Я оказываюсь в лесу. Высокие ели, вечерний туман. Я иду всё глубже и глубже, и вдруг вижу как будто группу туристов. Лица у них знакомые, но разглядеть невозможно. В тот же миг лес вспыхивает — огонь взмывает вверх по стволам, а вместе с деревьями загораются и люди. Они кричат, но в их крике нет боли — только освобождение. я развернувшись на пятках, со всех ног убегаю о пламени. Огромными прыжками перескакиваю поваленные деревья, перепрыгиваю размытые дождями канавы и всё бегу не разбирая дороги. Боковым зрением улавливаю скользящую параллельно со мной тень и останавливаюсь. Тень начинает обретать материальность, складываясь в знакомый силуэт, но пламя обнимает и меня. Я чувствую, как волосы горят, кожа лопается от жара, но боли нет. Наоборот — лёгкость, как будто я сбрасываю старую кожу. Я раскидываю руки в стороны и позволяю огню сжечь себя дотла. Это было очищение.
Кто-то приходил, я слышал во сне разговоры полушёпотом, скрип табуретов и шаги. Тяжелые, мужские и легкие женские. "Чермина" - иногда слышал это слово. Оно врезалось мне в память, наверное, это было имя.
А порой видел иное: в полумраке избы склонялось надо мной лицо молодой женщины. Слишком юное, слишком красивое для этого мира. Тёмные волосы, словно смоль; кожа — светлая, гладкая; губы, готовые к улыбке. Она будто касалась моего лба прохладной рукой, и мне становилось легче. Но стоило моргнуть — и на её месте сидела ведьма, старая, морщинистая, с мутными глазами. Я отгонял видение, убеждал себя, что это сон.
И всё же в груди теплилось странное ожидание.
Прошло несколько дней — или недели? — когда я впервые вышел из избы. Солнце ударило в глаза, ослепляя. Мир засиял красками, слишком яркими после дыма и полумрака избы. Я пошёл по тропинке и увидел её.
У колодца, склонившись к ведру, стояла девушка. Живая. Настоящая.
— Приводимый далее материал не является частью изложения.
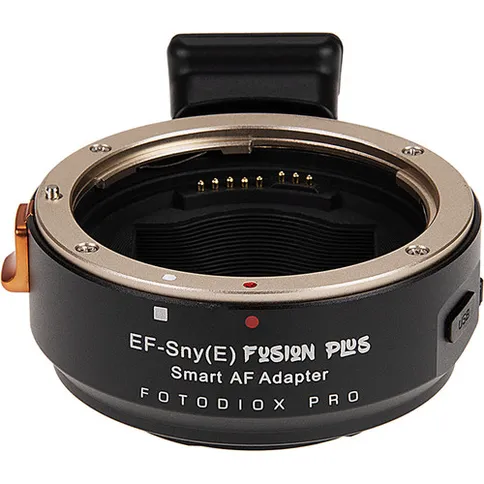 Fotodiox-Pro-Fusion-Plus-Lens-Adapter_1.jpg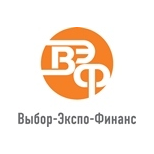 Выбор-Экспо-Финанс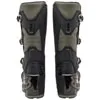 FOX RACING COMP X BOOTS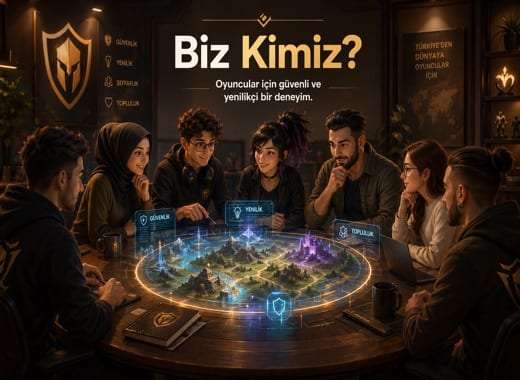 slotimegercekadres.com Hakkımızda Görsel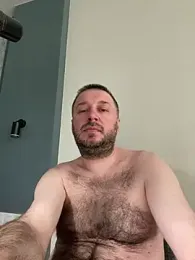 DorianJeday webcam model stream image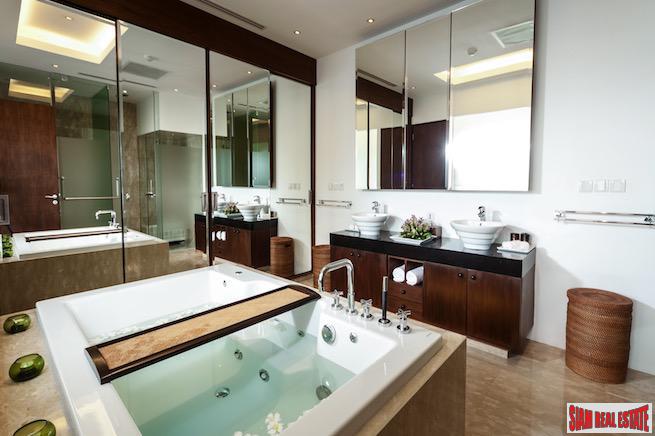 Royal Phuket Marina | Luxurious Five Bedroom Villa for Sale-22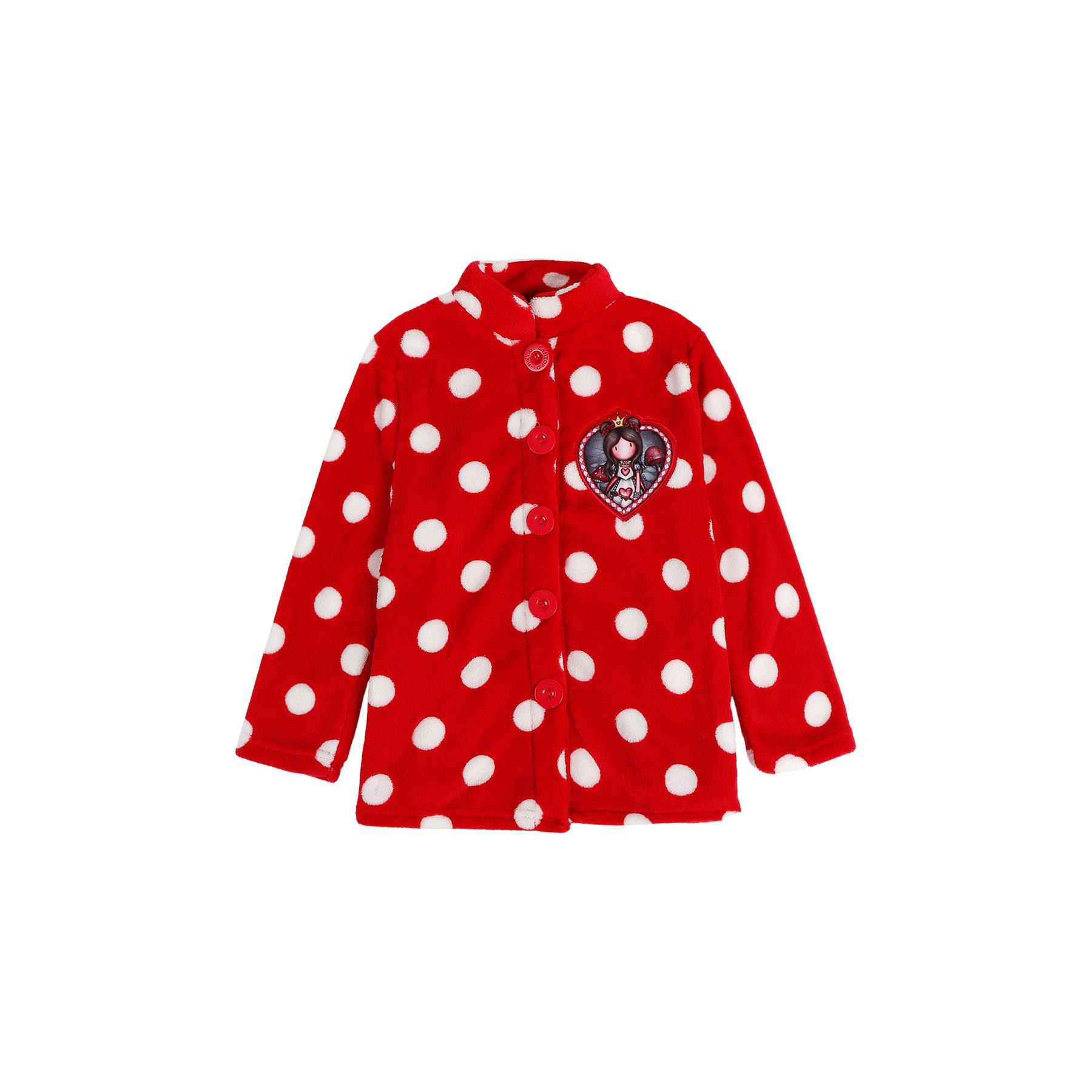 product/s/a/santoro-london_57539-0-000251_rouge_1.jpg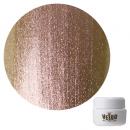 ベトロ ピーチサンド VLT983A 4ml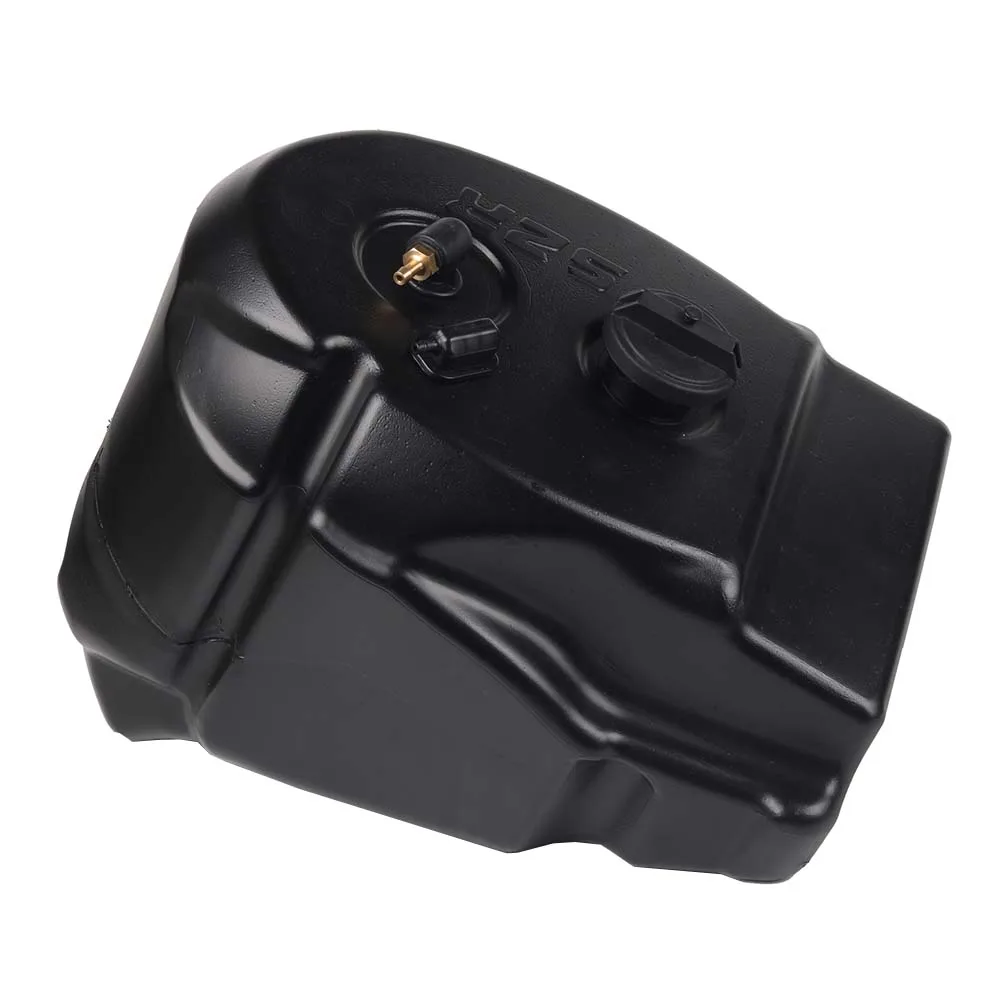 For Honda FORZA350 NSS300 NSS350 FORZA 350 2023 Fuel Tank Aux Fuel Tank Bucket 13L Motorcycle Accessories Oil Can Pump Canister
For Honda FORZA350 NSS300 NSS350 FORZA 350 2023 Fuel Tank Aux Fuel Tank Bucket 13L Motorcycle Accessories Oil Can Pump Canister
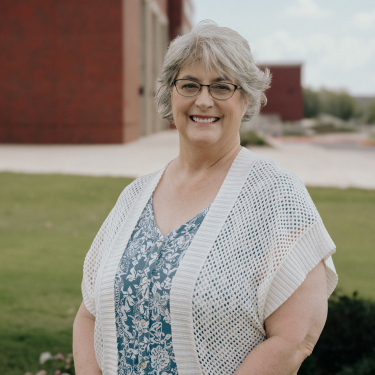 Delores Breeding2526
Её волосы были собраны в тяжёлую чёрную косу, платье облегало стройную фигуру, и сквозь тонкую ткань угадывались плавные линии тела. Она нагнулась, зачерпнула воду, и солнце вспыхнуло в её волосах — как в лесном озере.
Я замер. В груди что-то дрогнуло.
Она подняла глаза. Глубокие, чёрные, словно те самые, что я видел во сне. Мы смотрели друг на друга несколько мгновений — и я, собравшись, кивнул. Она ответила тем же.
На мгновение между нами будто проскочила искра. Сердце моё сделало рывок, и я ощутил: ещё шаг — и я пропаду.
Я поспешил отвернуться, пошёл обратно, будто ничего не произошло. Но внутри всё горело.
«Опасно, — сказал я себе. — Слишком опасно. Я чужак. Я не должен позволять себе больше».
И всё же образ девушки остался со мной — в каждом шаге, в каждом вздохе. Я вернулся в избу, но в груди пульсировало ощущение, что отныне я связан с этой землёй крепче, чем хотел бы.
В избе всё было по-прежнему: тени на стенах, запах жжёных трав, потрескивание огня. Чермина, так звали ведьму, сидела у очага, расчесывая прядь седых волос костяным гребнем.
— Ты бледен, — сказала она, даже не повернувшись. — Словно призрака увидел.
Я промолчал.
Она отложила гребень, бросила на меня косой взгляд:
— Берегись, чужак. В этих местах вода показывает не только отражение.
Я вздрогнул. Хотел спросить, что она имеет в виду, но язык не повернулся. Слишком уж пристально она смотрела, словно видела насквозь.
Я улёгся на жёсткую лавку, но заснуть уже не мог: перед глазами стоял колодец… и девушка с тёмными глазами.